His work can be found in the National Museum in Belgrade along with his contemporaries Živojin Lukić, Risto Stijović, Radeta Stanković (1905-1996), Petar Palaviccini, Đorđe Oraovac (1891-1955), Mihailo Tomić (1902-1995), Milan Nedeljković (1896-1947), Vladeta Piperski (1908-1942), Milan Besarabić (1908-2011), and Stevan Bodnarov (1905-1993).

- Girl with flowers:
He adopted the ideas of the Paris School but did not directly adopt the views of Cubism. Retains classic volume and taut mass. He boldly cuts it and introduces innovative geometrizations.

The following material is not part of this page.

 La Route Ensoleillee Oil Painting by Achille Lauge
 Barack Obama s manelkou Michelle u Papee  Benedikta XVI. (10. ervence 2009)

- The Girl with the mandolin
He is even bolder in cutting. It does not go as far as Archipenko in cubist forms. It holds a compact mass and anthropomorphism like a traditional classical sculpture, although it cuts the legs and lowers them. It also sticks to the face and does not count on the side view, while with the Cubist this observation from multiple angles is very important.

- Girl's head:
In this work, Đukin demonstrates a comprehensive understanding of Cubism, though his approach is not considered radically innovative. The influence of the post-World War I period is evident, particularly the return to order movement. The artist employs a somewhat aggressive treatment of form, notably in the deepening and bulging of the cheek. Additionally, Đukin incorporates graphic stylization, introducing a linear depiction of hair that evokes the Art Deco aesthetic.